Il est également significatif que Densus 88, qui a été créé en 2003 en réponse à l’attentat de Bali, ait pu appréhender les suspects avant les élections et démontre que les autorités indonésiennes continuent de faire un excellent travail de surveillance et d’arrestation des personnes soupçonnées d’avoir planifié des attentats à Bali. la région.

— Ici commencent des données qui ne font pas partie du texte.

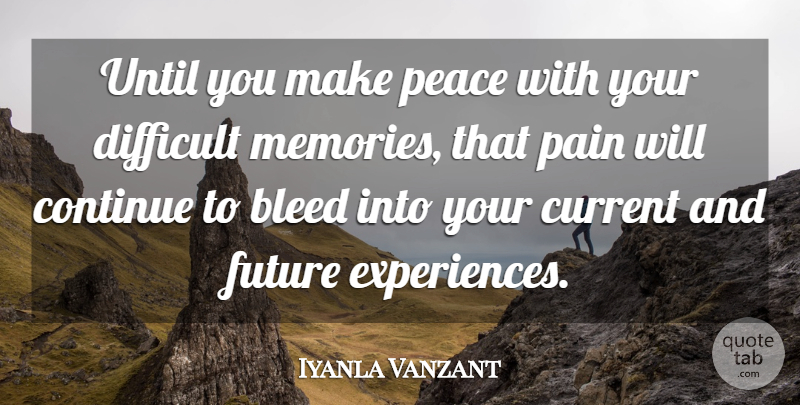 Iyanla Vanzant Quote About Memories, Pain, Currents: Until You Make Peace With...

Mais ce qui est plus troublant, c’est que ces arrestations démontrent également qu’il existe encore en Indonésie des groupes extrémistes capables d’envisager des attaques et de stocker des armes, même si ces groupes ont été affaiblis au fil des années, et il serait insensé de considérer ces groupes comme de simples vestiges de leurs prédécesseurs les plus féroces.
Mais il est également important de trouver un équilibre dans le récit, et peut-être que les récentes arrestations devraient simplement être considérées comme une mise en garde pour ne pas déclarer la « guerre contre le terrorisme » mondiale comme un succès complet.
S’il est peu probable que l’Indonésie et l’ensemble de la région soient à l’aube d’une nouvelle vague d’attaques similaires à celles des années 2000, l’écosystème de la ligne dure sera toujours bien vivant, même si sous une forme en constante évolution.
C’est aussi un écosystème qui, pour l’instant, semble encore sous l’emprise des autorités.